> **Task statement**:
After locating the line that holds "Fishbowl With Lid Png Vsu75 PNG Image", copy that line and all that follow it word for word through the end of the data, with no pictures.
- - - - -
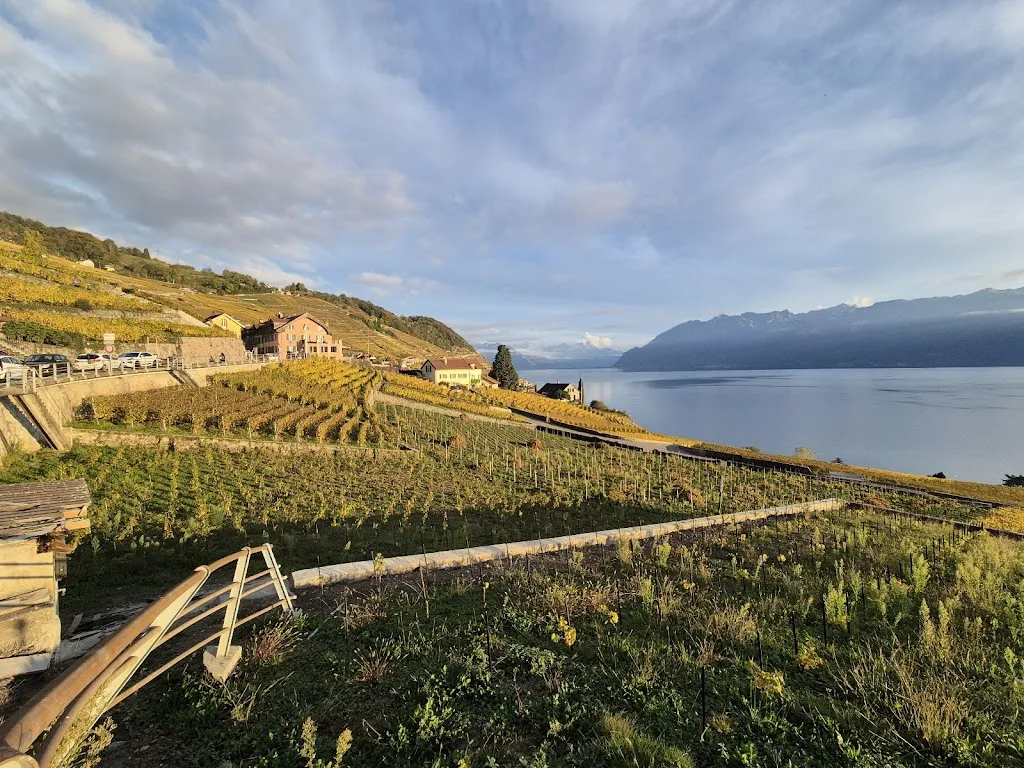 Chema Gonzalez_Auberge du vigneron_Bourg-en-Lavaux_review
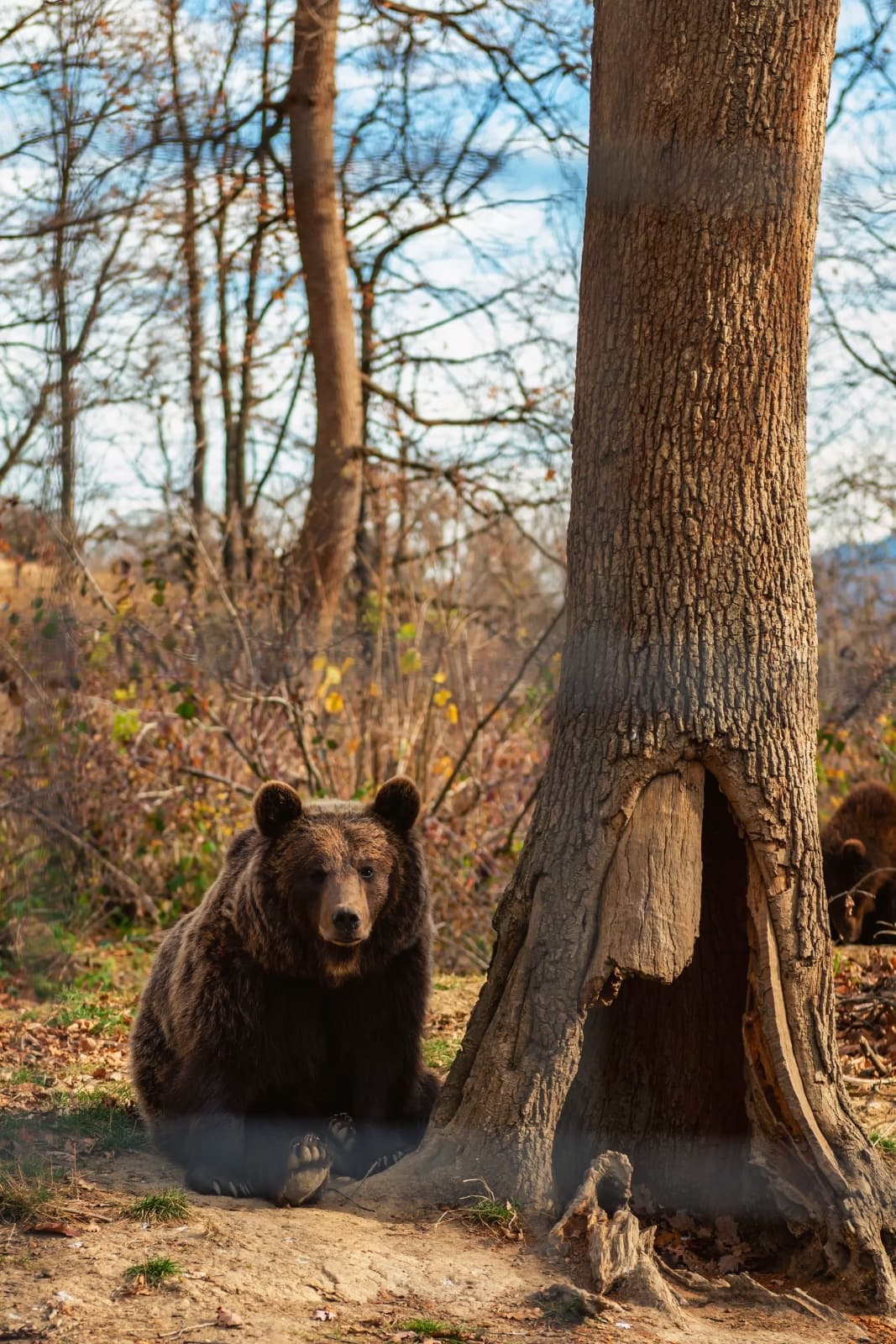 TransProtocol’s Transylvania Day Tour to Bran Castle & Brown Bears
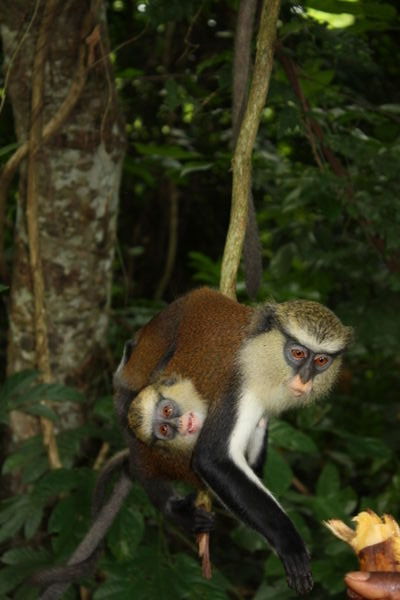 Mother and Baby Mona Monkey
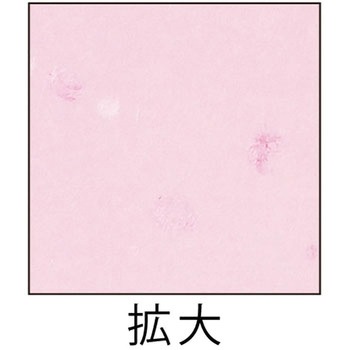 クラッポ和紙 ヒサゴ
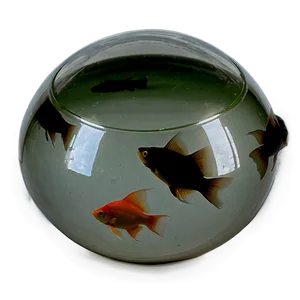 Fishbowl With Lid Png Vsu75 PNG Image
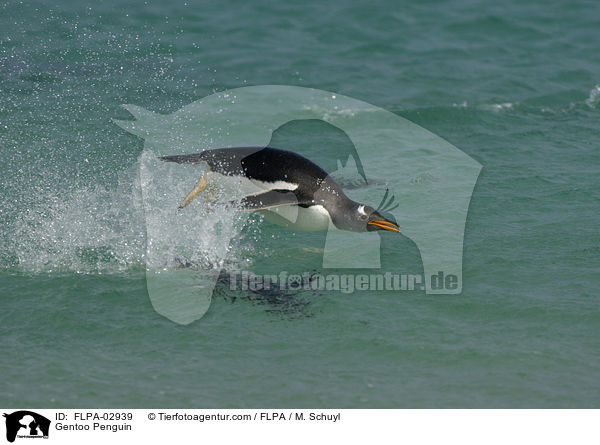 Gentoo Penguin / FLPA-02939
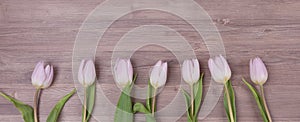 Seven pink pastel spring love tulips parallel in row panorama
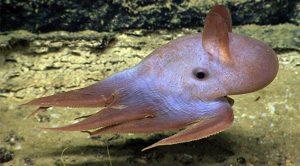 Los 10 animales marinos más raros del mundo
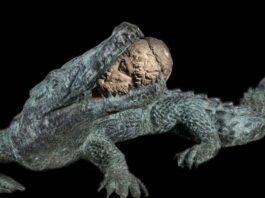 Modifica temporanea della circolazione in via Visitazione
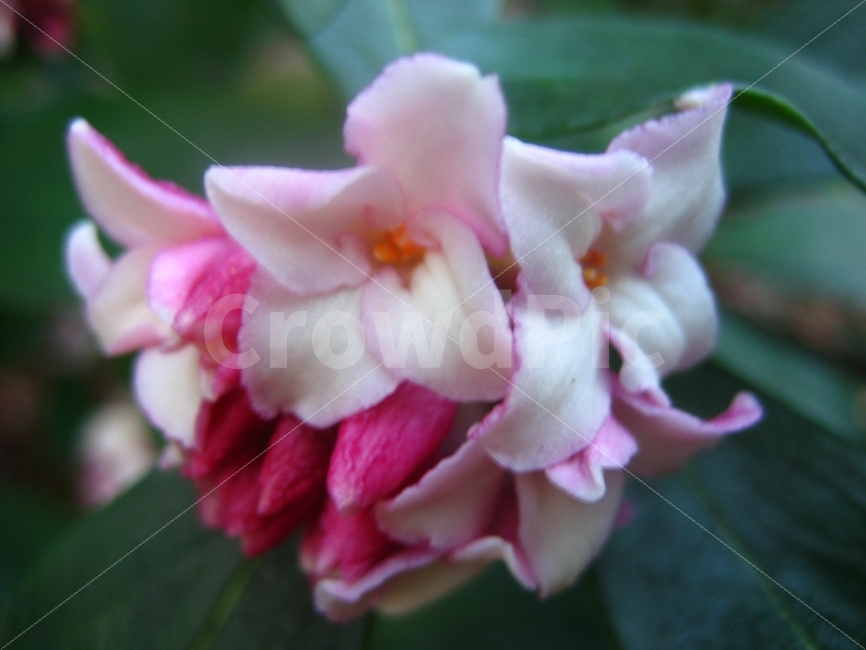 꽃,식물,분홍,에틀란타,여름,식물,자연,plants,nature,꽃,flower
- - - - -
> **Your response**:
 Fishbowl With Lid Png Vsu75 PNG Image
 Gentoo Penguin / FLPA-02939
 Seven pink pastel spring love tulips parallel in row panorama
 Los 10 animales marinos más raros del mundo
 Modifica temporanea della circolazione in via Visitazione
 꽃,식물,분홍,에틀란타,여름,식물,자연,plants,nature,꽃,flower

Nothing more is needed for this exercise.